Extracted information:
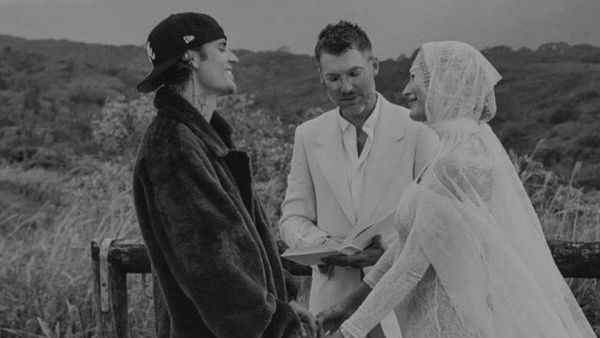 Potret Hailey Bieber Pakai Baju Pengantin, Pamer Perut Hamil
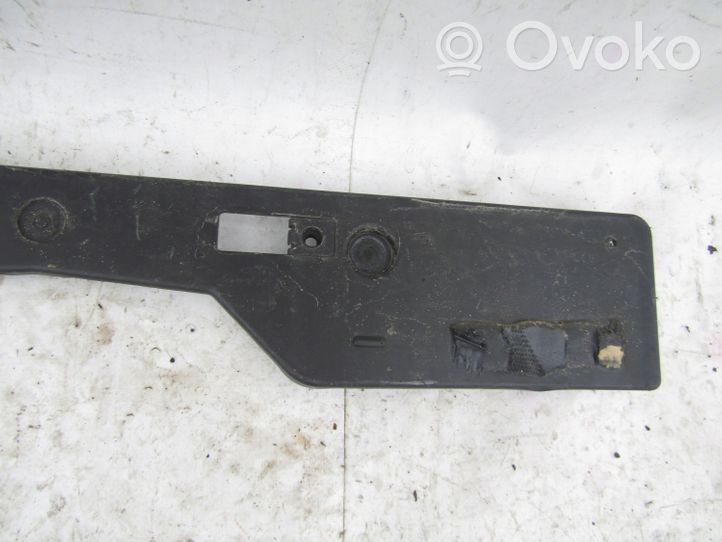 Toyota RAV 4 (XA50) Support de plaque d'immatriculation 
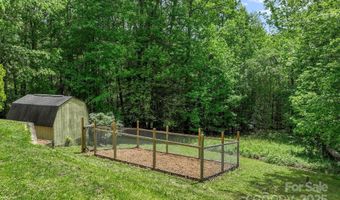 84 Varnadore Dr, Arden, NC 28704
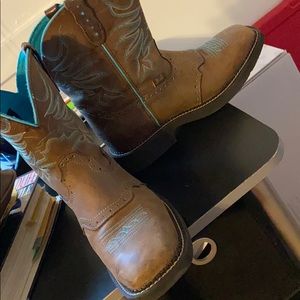 Justin Gypsy cowboy boots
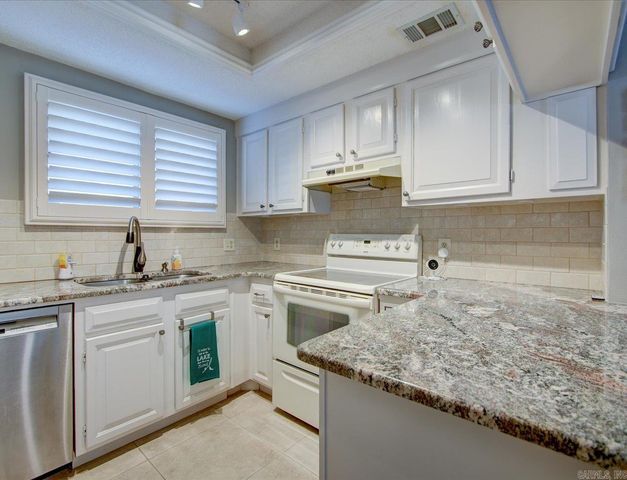 160 Long Island Bay Apt 48, Hot Springs, AR 71913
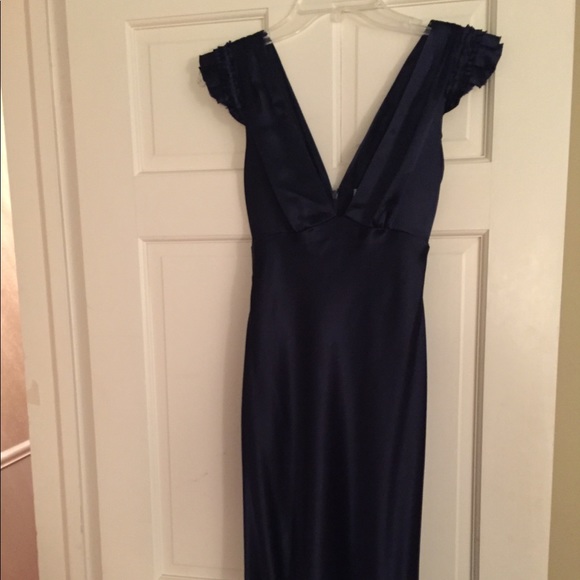 Vera Wang Dresses & Skirts - Sophisicated navy fitted dress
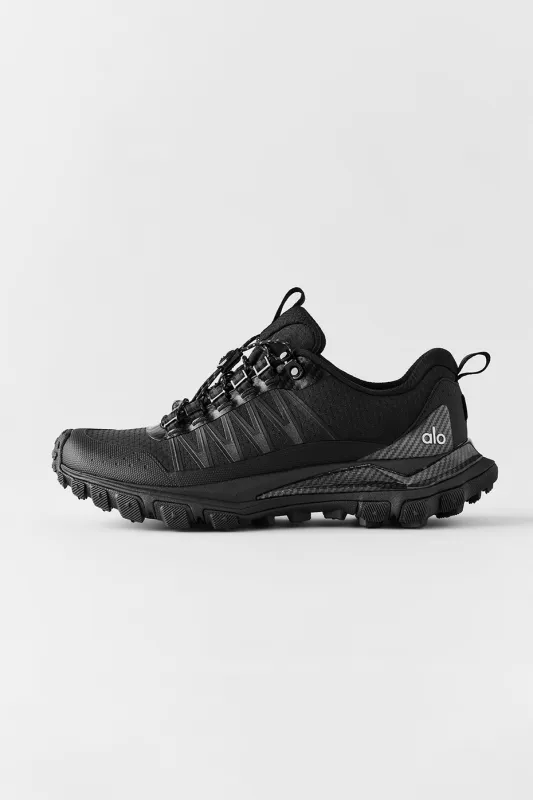 ALO Trail - Black made by Alo Yoga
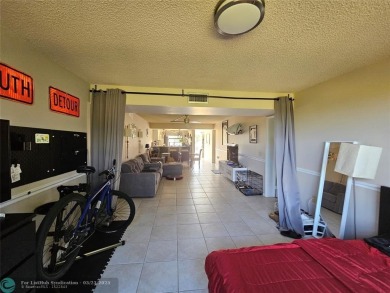 Spacious unit overlooking Golf Course. Open floor plan with on The Country Club At Boca Raton in Florida - for sale on GolfHomes.com, golf home, golf lot
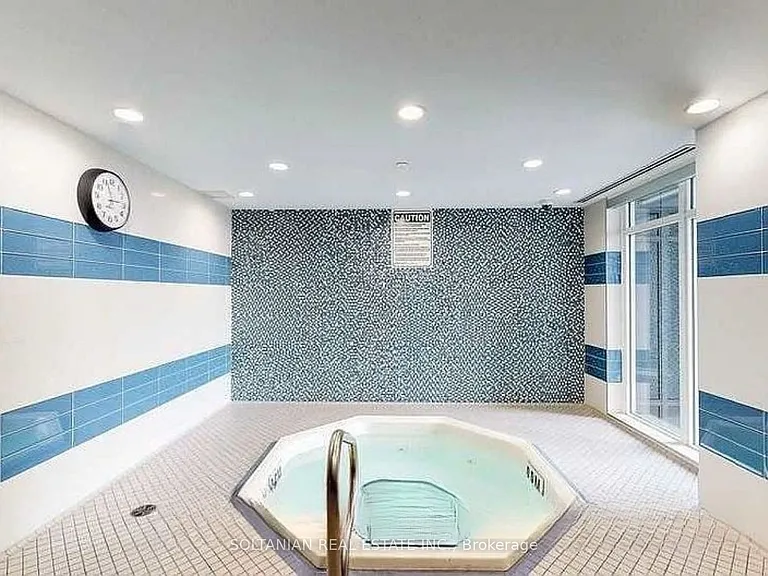 7161 Yonge St #817 — Photo 8
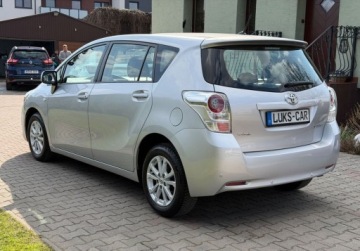 Toyota Verso Minivan 1.8 Valvematic 147KM 2010 Toyota Verso 1,8 147KM Automat Panorama Climatronic ASO Dla wymagajacych, zdjęcie 2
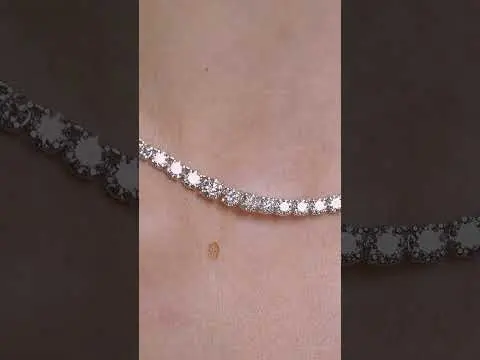 Collar estilo riviere de diamantes realizado en oro blanco de 18kt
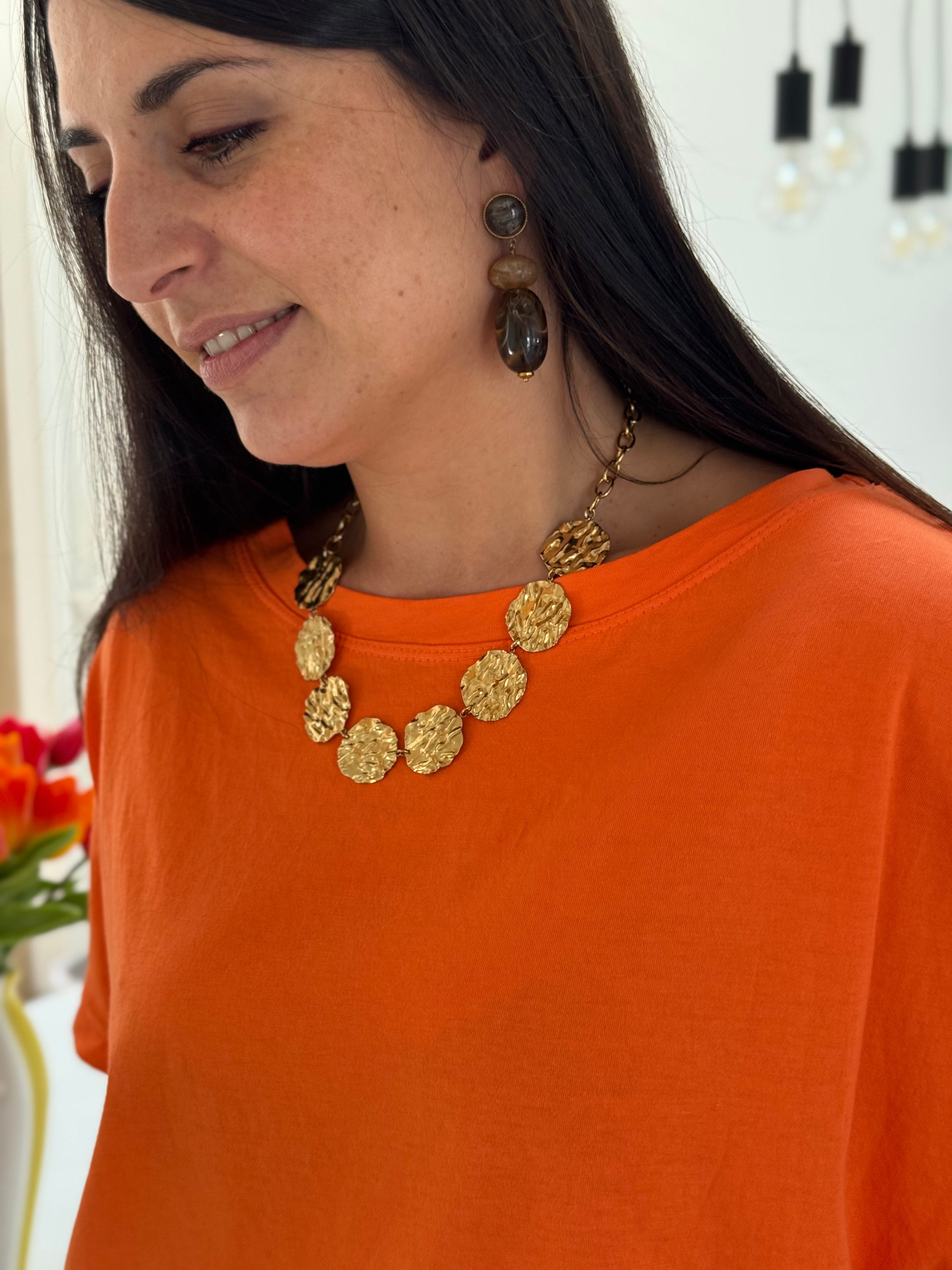 COLLIER LINA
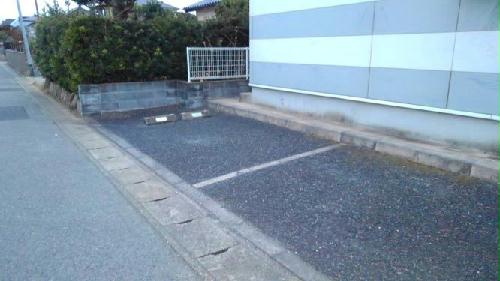 2/3 駐車場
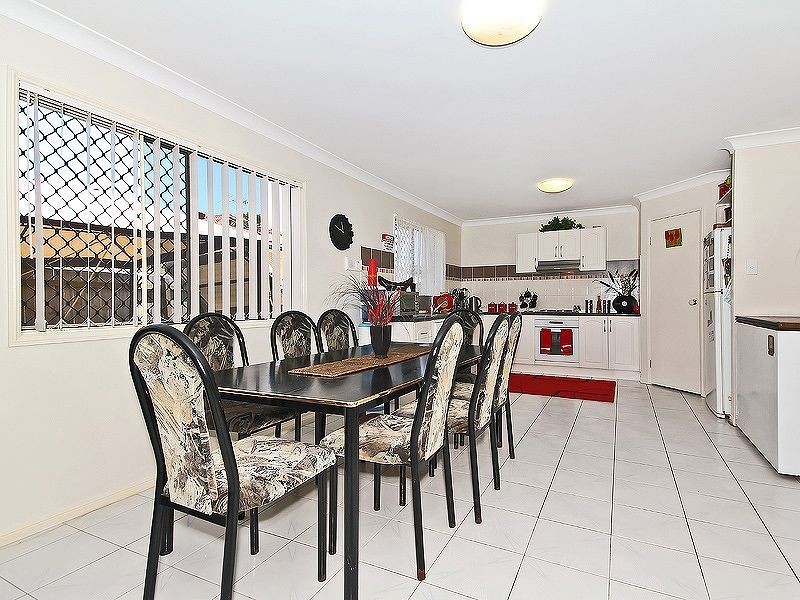 10 Eungella Terrace, Forest Lake QLD 4078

Brief:
The expected response is every line of the material, written out exactly, with the images removed.

Exercise result:
 Potret Hailey Bieber Pakai Baju Pengantin, Pamer Perut Hamil
 Toyota RAV 4 (XA50) Support de plaque d'immatriculation 
 84 Varnadore Dr, Arden, NC 28704
 Justin Gypsy cowboy boots
 160 Long Island Bay Apt 48, Hot Springs, AR 71913
 Vera Wang Dresses & Skirts - Sophisicated navy fitted dress
 ALO Trail - Black made by Alo Yoga
 Spacious unit overlooking Golf Course. Open floor plan with on The Country Club At Boca Raton in Florida - for sale on GolfHomes.com, golf home, golf lot
 7161 Yonge St #817 — Photo 8
 Toyota Verso Minivan 1.8 Valvematic 147KM 2010 Toyota Verso 1,8 147KM Automat Panorama Climatronic ASO Dla wymagajacych, zdjęcie 2
 Collar estilo riviere de diamantes realizado en oro blanco de 18kt
 COLLIER LINA
 2/3 駐車場
 10 Eungella Terrace, Forest Lake QLD 4078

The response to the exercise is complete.